* _Activity_:
Given the listing that follows, report all lines in which the string "Protein" occurs.

* _Raw data_:
──────────

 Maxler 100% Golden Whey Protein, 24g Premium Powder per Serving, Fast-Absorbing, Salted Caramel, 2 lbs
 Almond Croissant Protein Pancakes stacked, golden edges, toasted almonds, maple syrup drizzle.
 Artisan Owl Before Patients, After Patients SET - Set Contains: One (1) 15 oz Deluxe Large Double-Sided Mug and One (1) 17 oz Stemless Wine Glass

──────────

* _Answer to the exercise_:
 Maxler 100% Golden Whey Protein, 24g Premium Powder per Serving, Fast-Absorbing, Salted Caramel, 2 lbs
 Almond Croissant Protein Pancakes stacked, golden edges, toasted almonds, maple syrup drizzle.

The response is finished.